In a paper recently published in the journal ACS Polymers, researchers explored and reviewed existing knowledge of in-solution spherical micelles and in-bulk equilibration of the particle phases of block copolymers (BCPs).
Study: Dynamics and Equilibration Mechanisms in Block Copolymer Particles. Image Credit: Love Employee/Shutterstock.com
In both solution and bulk, the self-assembly of BCP offers a flexible path to nanostructured materials. The development of controlled polymerization has made it possible to easily chain a wide variety of monomers into di-, tri-, as well as multiblock structures. Based on interaction parameters (χ) and block degrees of polymerization (N), theoretical techniques have given rise to an excellent capacity to forecast equilibrium structures.
So far, equilibrium micellar structures in solutions have been theoretically explored through scaling arguments and through quantitative methods. The same free energy competition, which pits the energy penalty for forming an interface against the entropy penalty for extending a chain, determines structure in both circumstances. However, the packing of these chains into groups of micelles in solution is not limited by the need to fill space. In this study, researchers explored the existing knowledge regarding the equilibration of particle phases of the spherical and bulk micelles in solution.
An Outline of Equilibration Mechanisms
Canonical mechanisms involved in micelle equilibrations include creation, involving small chain clusters that undergo nucleation and growth to form a new micelle. This is followed by annihilation, in which one micelle is eliminated by a series of exchange, fragmentation as well as fusion events. Subsequently, a chain exchange occurs in which a single molecule evades one aggregate before diffusing into the medium and then inserts through a different particle.
Fragmentation, also known as fission, then occurs as the instantaneous splitting of a particle into two. It should be noted that fragmentation events could produce "daughter" micelles, Q1 and Q2, that are very different in size. Chain exchange, hence, is viewed as a part of both fragmentation and fusion.
While the majority of research involving micelle dynamics concentrates on the equilibration of micelles that were already formed, their creation and annihilation have also been a subject of fascination. The expanded Aniansson–Wall–Teubner–Kahlweit model serves as the theoretical foundation. Two processes have been put forth: a faster one in which individual chains showed association and separation from one another; and a slower one in which chains in groups come into contact with one another before combining to form micelles.

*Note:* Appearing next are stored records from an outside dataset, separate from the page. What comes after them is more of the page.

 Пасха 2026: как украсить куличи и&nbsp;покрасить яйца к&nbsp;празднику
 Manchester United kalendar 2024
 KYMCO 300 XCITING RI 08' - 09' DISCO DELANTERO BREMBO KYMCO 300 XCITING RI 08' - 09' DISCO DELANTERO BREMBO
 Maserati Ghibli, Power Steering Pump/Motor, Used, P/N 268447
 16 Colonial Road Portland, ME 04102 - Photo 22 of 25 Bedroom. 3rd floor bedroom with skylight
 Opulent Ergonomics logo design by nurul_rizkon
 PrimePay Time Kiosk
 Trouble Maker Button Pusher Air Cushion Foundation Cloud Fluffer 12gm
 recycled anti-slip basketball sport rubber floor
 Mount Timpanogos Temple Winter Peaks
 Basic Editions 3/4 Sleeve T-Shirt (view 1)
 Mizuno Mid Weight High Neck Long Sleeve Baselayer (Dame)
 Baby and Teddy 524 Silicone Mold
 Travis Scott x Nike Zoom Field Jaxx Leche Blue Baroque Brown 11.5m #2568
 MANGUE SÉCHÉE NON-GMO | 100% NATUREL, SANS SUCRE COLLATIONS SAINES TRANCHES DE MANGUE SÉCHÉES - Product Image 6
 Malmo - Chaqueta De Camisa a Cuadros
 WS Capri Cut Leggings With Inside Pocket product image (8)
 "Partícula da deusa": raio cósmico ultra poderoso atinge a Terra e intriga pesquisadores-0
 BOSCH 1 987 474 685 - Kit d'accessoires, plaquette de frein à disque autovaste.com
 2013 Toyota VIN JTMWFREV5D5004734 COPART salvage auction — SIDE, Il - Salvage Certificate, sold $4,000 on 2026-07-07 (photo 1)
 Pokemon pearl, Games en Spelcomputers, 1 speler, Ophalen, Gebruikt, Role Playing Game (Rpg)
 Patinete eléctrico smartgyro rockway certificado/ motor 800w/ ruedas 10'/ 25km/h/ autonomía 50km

According to their findings, the proportion of micelles first advance till the concentration of unimer is extremely low. At this point, chain expulsion or insertion enhances the micelles' overall size while reducing their number. Therefore, this interpretation makes the assumption that some micelles entirely vanish.
More recently, a study investigated the creation of surfactant micelles using a stopped-flow small-angle X-ray scattering technique. To promote micellization, they employed a system comprising dodecyl maltoside (DDM) with dimethylformamide (DMF) with the addition of water. They found no indication of pre micellar aggregates as a sign of fusion or fragmentation in their system; rather, the micelles formed and expanded through the stepwise insertion and expulsion of single surfactant molecules.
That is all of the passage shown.